A eso se suman las absurdas cifras de muertes y heridas por balas perdidas. Jorge Restrepo, director del Centro de Recursos para el Análisis de Conflictos (Cerac), presentó el año pasado un primer informe en el que documentó 2.670 víctimas de estos episodios en las últimas dos décadas, 693 de las cuales murieron. Con el agravante de que el 35 por ciento de las víctimas de estas balas son niños.
Las restricciones temporales de armas han demostrado ser muy eficientes para bajar los homicidios. El hoy alcalde de Cali, Rodrigo Guerrero, impulsó el desarme y la restricción durante su primer gobierno y solo en 1993 logró bajar los homicidios de 124 por 100.000 habitantes a 86, y en el resto del mandato se mantuvo en una reducción del 30 por ciento. Antanas Mockus consiguió la restricción de armas de fuego en 1994, y los homicidios disminuyeron un 10 por ciento y al año siguiente otro 5 por ciento, y al levantarse la restricción en 1996, estos aumentaron de nuevo. Incluso, en 2008, el entonces alcalde de Medellín, Alonso Salazar, le reclamó públicamente a la IV Brigada por su laxitud en la aprobación de armas en la ciudad. En Antioquia la restricción ha sido tan eficiente que en este momento el porte está prohibido por un año.
El segundo debate que hay sobre el tapete es mucho más de fondo y es cuánta restricción es posible y deseable. Cuando Petro habló de 'prohibir' y de una ciudad sin armas, sin duda lo estaba haciendo desde un plano ideológico y político. Por un lado, la Constitución y la Ley en Colombia son claras en que el monopolio de la fuerza lo debe tener el Estado. Pero se establecen excepciones que se han convertido a la larga en una profunda tradición de autodefensa, que ha enardecido los conflictos y que en muchos momentos ha sido aupada por el Estado.

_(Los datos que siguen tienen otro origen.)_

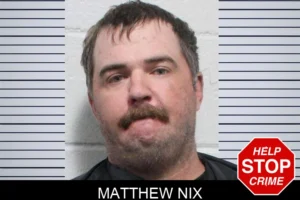 Matthew Nix mugshot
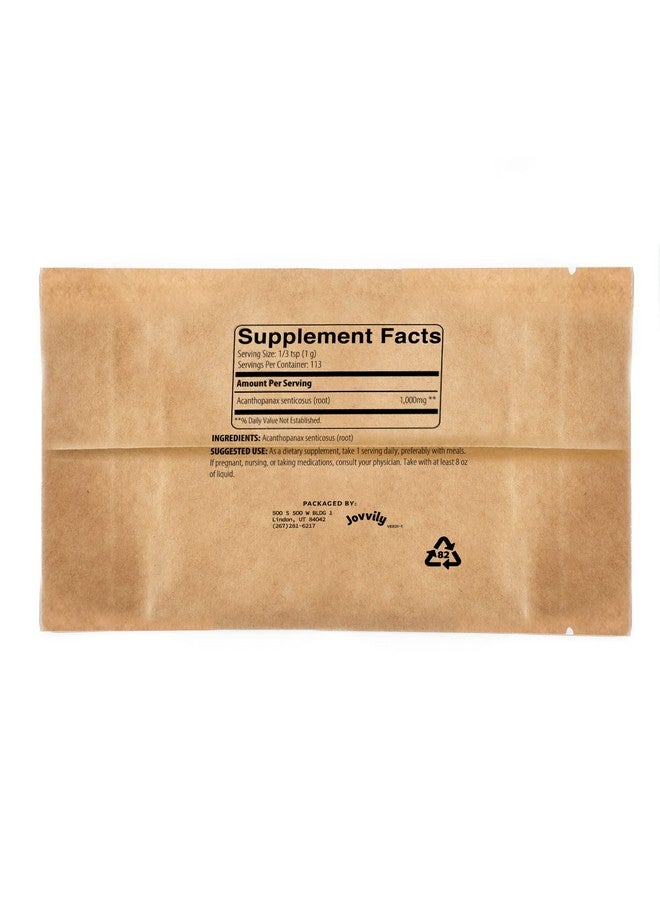 Jovvily Eleuthero Root Extract Powder - 4oz - Siberian Ginseng - Adaptogen - Non-GMO - Image 2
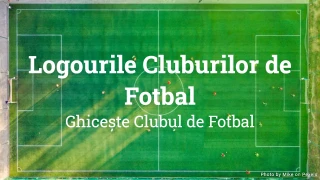 Quiz cu Logourile Cluburilor de Fotbal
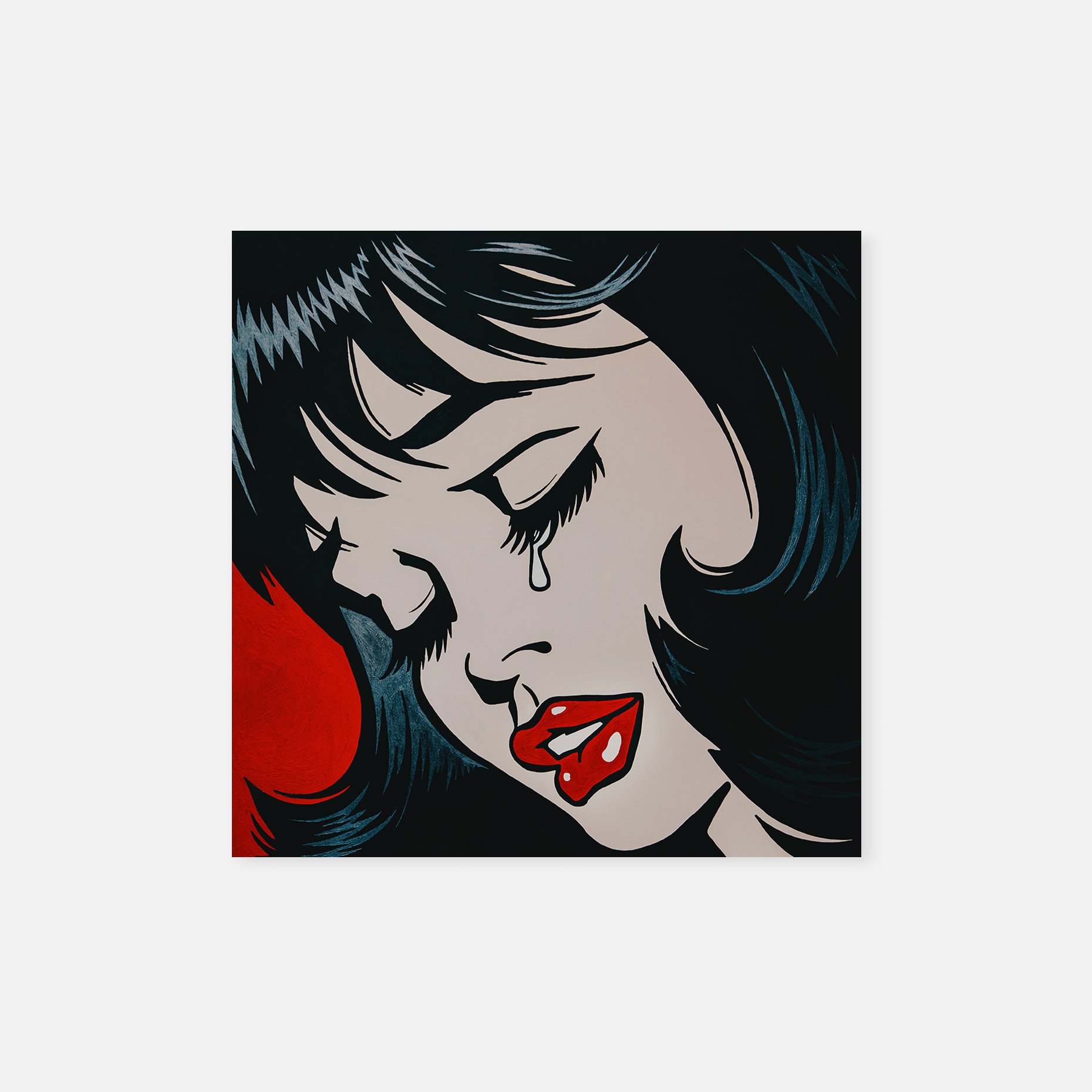 Crying Girl Original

Aunque sea loable la idea de la prohibición, y funciona muy bien en sociedades con alta disciplina social como la japonesa, esta es muy difícil de aplicar en contextos donde el crimen organizado campea. En 2006, después de haber aprobado una ley de fuertes restricciones, el presidente Lula, de Brasil, se jugó buena parte de su capital político en un referéndum para prohibir las armas en su país, en donde el problema es mucho más grave incluso que en Colombia. Resultó estruendosamente derrotado con un 64 por ciento que votó en contra, a pesar de que las encuestas de opinión le daban un holgado triunfo a su iniciativa. La gente se siente desprotegida, y si los gobiernos no tienen suficiente éxito en la lucha contra el crimen y la impunidad es alta, la prohibición se vuelve inviable.
Por eso el debate este año se concentrará especialmente en cuáles serán los casos excepcionales, cómo endurecer los controles y a quién le toca la tarea de restringir y hacer seguimiento a las armas. Allí es donde está el pulso fuerte, especialmente con los militares, a quienes muchos ven como el mayor obstáculo. De hecho, el ministro de Defensa, Juan Carlos Pinzón, ha dicho que el mecanismo actual es eficiente, y abogó por afinar la comunicación entre las diferentes autoridades.
Precisamente por esta razón en el primer consejo de seguridad el secretario de gobierno de Bogotá, Antonio Navarro Wolff, le pidió a la XII Brigada una restricción mínima por tres meses como experimento. Todavía no hay respuesta, pero sin duda esta será la prueba ácida, tanto para Petro, que entró pisando callos, como para los militares de Bogotá, que tienen por primera vez como interlocutor a un viejo adversario. En medio de todo el debate, la ciudad espera una política de seguridad integral, basada en la convivencia, y no en las pistolas humeantes.